Task description
Beginning with the first line, please repeat the entries exactly and end on the line that contains "Used 2019 Volkswagen".

Records for the task
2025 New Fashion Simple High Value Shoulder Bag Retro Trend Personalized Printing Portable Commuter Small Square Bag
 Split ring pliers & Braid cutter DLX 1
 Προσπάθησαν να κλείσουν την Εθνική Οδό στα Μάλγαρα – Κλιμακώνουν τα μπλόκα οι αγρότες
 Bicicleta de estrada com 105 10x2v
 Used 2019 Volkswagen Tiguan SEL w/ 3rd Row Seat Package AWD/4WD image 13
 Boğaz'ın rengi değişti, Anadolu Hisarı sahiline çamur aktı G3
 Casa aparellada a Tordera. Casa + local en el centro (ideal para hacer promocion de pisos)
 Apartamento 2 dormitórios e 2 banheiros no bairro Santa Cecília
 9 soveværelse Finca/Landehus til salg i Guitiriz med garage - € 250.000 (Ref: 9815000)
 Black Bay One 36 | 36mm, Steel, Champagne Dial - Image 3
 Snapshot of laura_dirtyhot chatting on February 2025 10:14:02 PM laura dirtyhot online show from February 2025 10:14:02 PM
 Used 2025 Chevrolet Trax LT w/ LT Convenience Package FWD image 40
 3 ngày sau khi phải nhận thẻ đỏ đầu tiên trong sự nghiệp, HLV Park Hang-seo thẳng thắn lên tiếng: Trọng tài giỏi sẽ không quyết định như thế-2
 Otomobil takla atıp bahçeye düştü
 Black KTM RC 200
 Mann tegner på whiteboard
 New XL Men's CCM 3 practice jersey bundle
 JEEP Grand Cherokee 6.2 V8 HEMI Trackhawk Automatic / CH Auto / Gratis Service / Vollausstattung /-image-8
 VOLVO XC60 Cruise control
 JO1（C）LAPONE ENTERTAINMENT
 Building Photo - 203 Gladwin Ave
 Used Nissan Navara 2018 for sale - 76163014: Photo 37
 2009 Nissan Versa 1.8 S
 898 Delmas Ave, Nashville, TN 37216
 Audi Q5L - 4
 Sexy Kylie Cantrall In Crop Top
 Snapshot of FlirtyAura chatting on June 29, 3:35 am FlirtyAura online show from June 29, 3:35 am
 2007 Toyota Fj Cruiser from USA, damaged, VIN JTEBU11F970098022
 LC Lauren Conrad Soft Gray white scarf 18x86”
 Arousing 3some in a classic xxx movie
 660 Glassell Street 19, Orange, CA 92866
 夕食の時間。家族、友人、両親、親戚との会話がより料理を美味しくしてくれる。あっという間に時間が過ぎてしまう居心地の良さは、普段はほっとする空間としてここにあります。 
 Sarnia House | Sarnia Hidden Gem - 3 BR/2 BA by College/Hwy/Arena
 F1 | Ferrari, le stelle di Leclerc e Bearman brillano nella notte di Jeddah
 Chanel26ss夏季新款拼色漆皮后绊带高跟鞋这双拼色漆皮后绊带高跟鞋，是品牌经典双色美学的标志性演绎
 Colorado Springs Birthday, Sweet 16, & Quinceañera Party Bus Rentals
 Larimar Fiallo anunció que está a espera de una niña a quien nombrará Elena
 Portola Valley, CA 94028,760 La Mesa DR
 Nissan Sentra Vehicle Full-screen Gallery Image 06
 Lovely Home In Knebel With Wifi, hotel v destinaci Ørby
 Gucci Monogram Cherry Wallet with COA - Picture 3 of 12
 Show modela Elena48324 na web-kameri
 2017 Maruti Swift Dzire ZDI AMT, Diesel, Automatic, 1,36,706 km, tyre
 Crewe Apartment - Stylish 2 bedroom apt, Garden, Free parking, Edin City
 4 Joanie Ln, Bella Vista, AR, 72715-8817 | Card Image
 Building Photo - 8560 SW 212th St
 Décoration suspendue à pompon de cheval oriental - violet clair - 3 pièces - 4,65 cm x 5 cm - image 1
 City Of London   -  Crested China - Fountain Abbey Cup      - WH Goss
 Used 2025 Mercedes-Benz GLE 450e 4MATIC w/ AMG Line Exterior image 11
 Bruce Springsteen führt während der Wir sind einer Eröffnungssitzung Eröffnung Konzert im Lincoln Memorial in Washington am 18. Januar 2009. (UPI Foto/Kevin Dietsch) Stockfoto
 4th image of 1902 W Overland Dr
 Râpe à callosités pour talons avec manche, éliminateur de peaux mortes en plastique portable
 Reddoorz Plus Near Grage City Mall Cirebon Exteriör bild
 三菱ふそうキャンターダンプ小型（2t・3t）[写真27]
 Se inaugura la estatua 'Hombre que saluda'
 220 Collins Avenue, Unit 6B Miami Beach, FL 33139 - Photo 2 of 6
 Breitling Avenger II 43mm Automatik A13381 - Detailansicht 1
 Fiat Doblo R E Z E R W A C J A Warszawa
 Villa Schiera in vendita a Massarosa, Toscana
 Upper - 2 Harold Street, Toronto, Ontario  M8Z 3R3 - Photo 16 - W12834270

Solution to the problem
2025 New Fashion Simple High Value Shoulder Bag Retro Trend Personalized Printing Portable Commuter Small Square Bag
 Split ring pliers & Braid cutter DLX 1
 Προσπάθησαν να κλείσουν την Εθνική Οδό στα Μάλγαρα – Κλιμακώνουν τα μπλόκα οι αγρότες
 Bicicleta de estrada com 105 10x2v
 Used 2019 Volkswagen Tiguan SEL w/ 3rd Row Seat Package AWD/4WD image 13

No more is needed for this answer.